What you have to do –
Copy out exactly the lines from the one with "FIGURE 38.4, In" through the last line of the listing below, both included, but none of the pictures.

Information supplied –
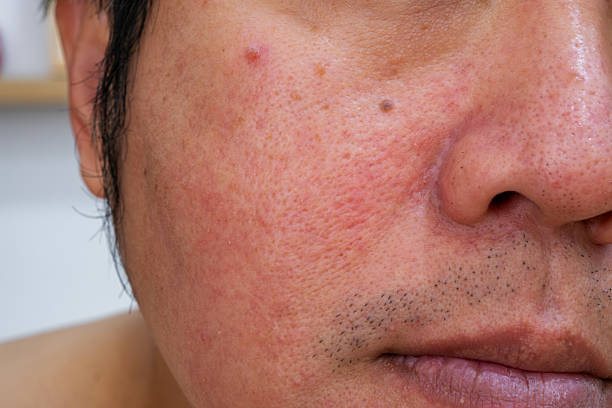 istock Facial redness, acne, and blemishes highlight irritated skin. 2246125092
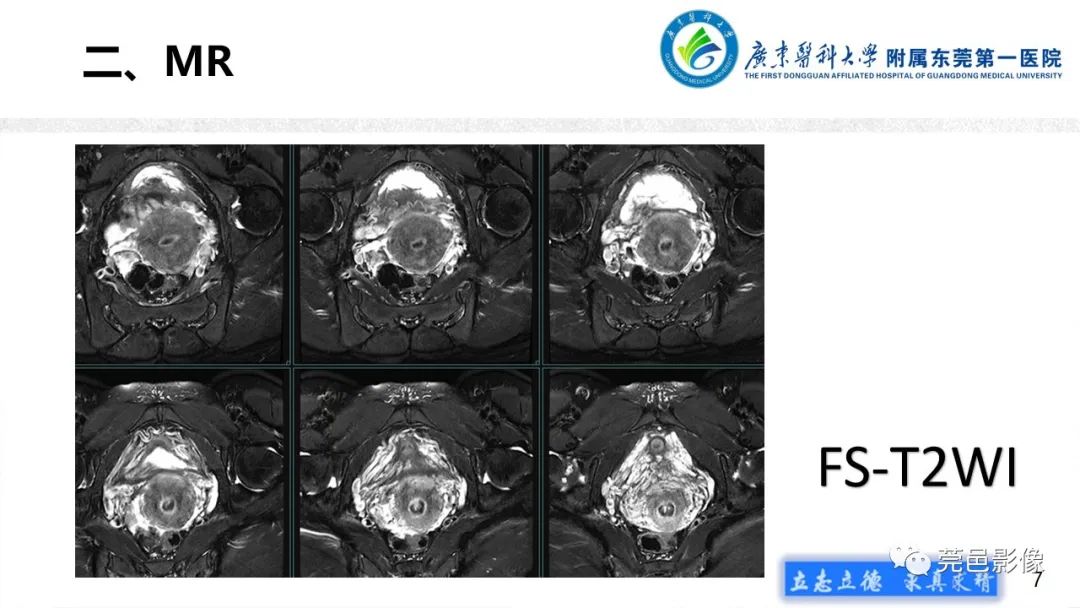 【病例】不全流产1例超声及MR影像-7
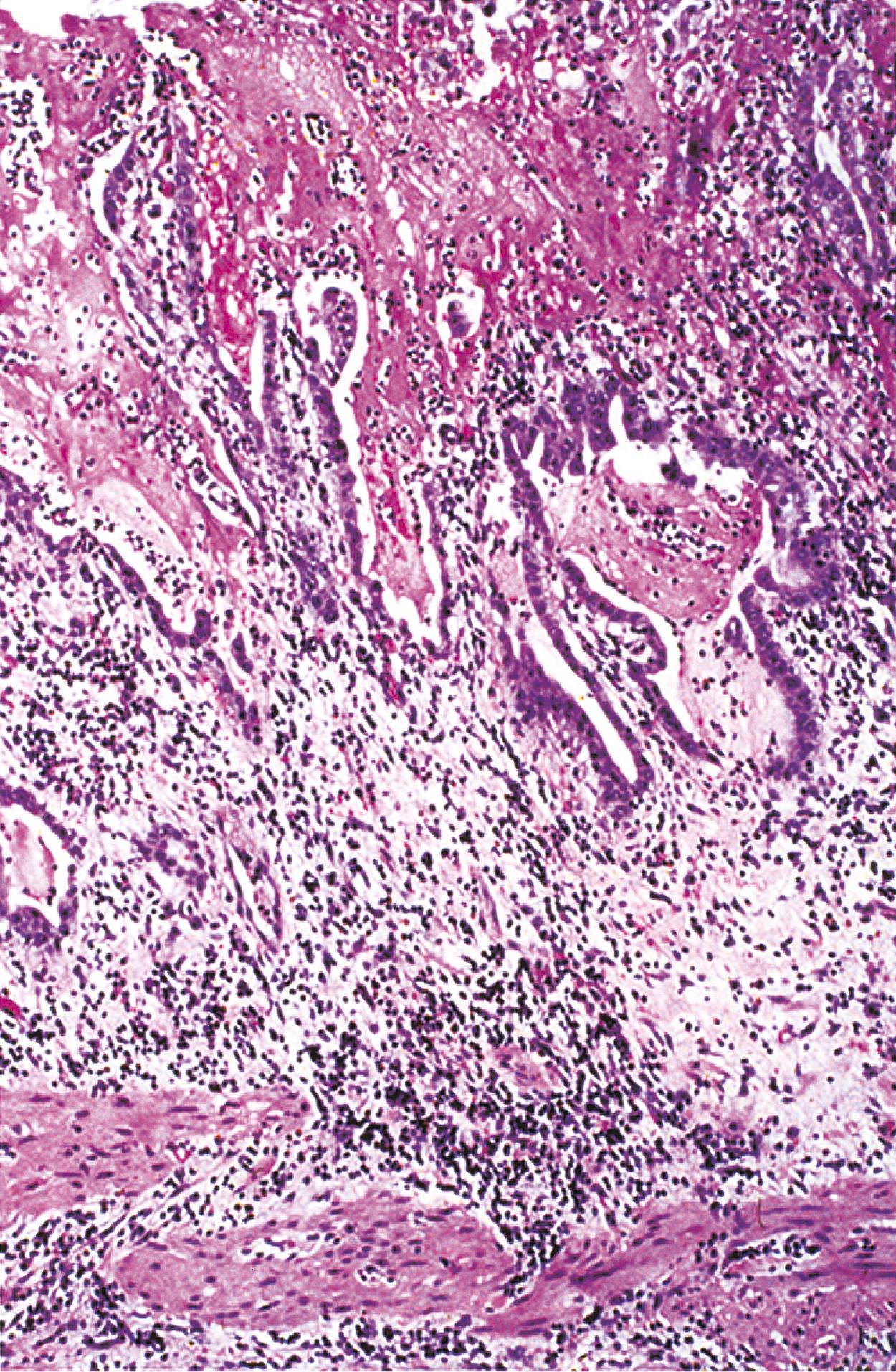 FIGURE 38.4, In acute pseudomembranous cholecystitis, thick, fibrinous pseudomembranes are firmly attached to necrotic biliary epithelium and appear to merge with the underlying edematous and inflamed lamina propria.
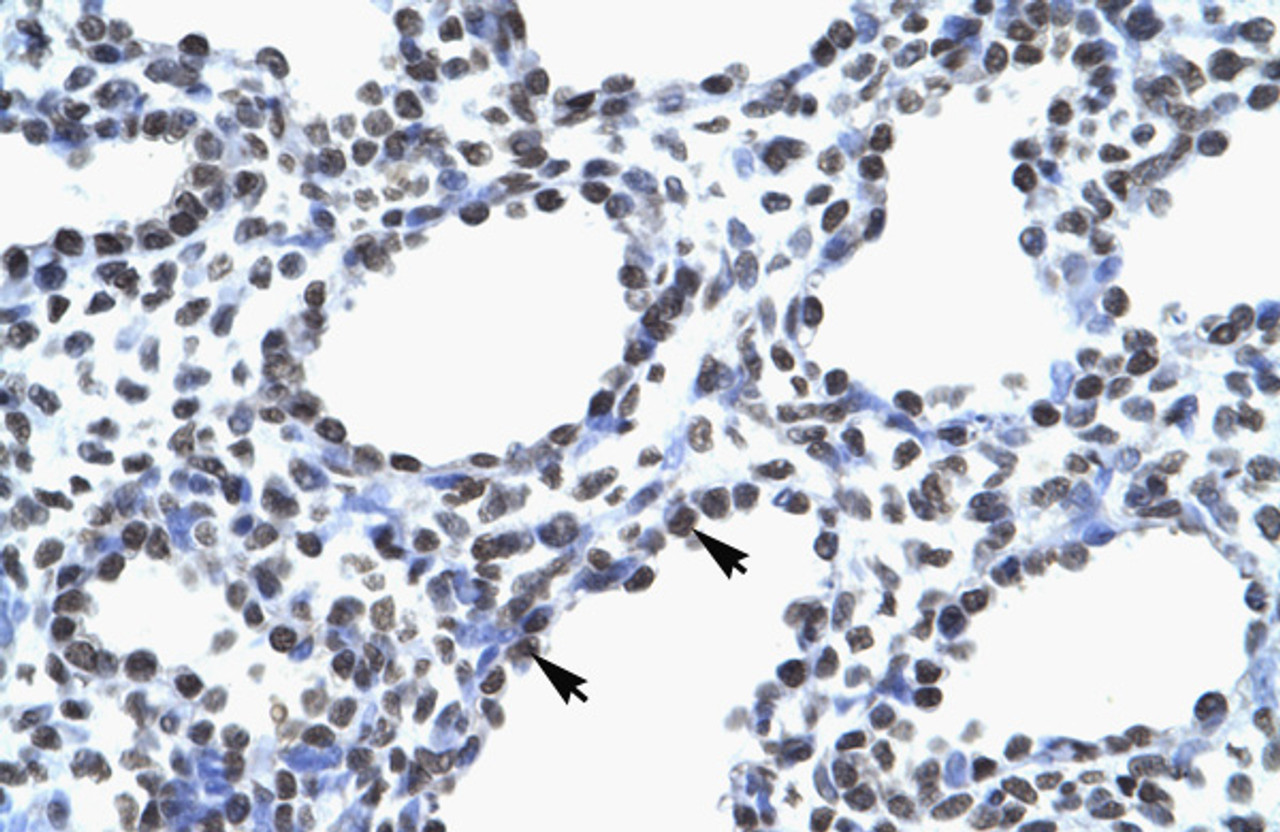 Antibody used in IHC on Human Lung.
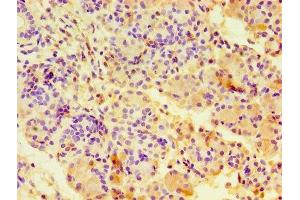 Immunohistochemistry of paraffin-embedded human pancreatic tissue using ABIN7146703 at dilution of 1:100 (CA12 Antikörper  (AA 25-301))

Completed task –
 FIGURE 38.4, In acute pseudomembranous cholecystitis, thick, fibrinous pseudomembranes are firmly attached to necrotic biliary epithelium and appear to merge with the underlying edematous and inflamed lamina propria.
 Antibody used in IHC on Human Lung.
 Immunohistochemistry of paraffin-embedded human pancreatic tissue using ABIN7146703 at dilution of 1:100 (CA12 Antikörper  (AA 25-301))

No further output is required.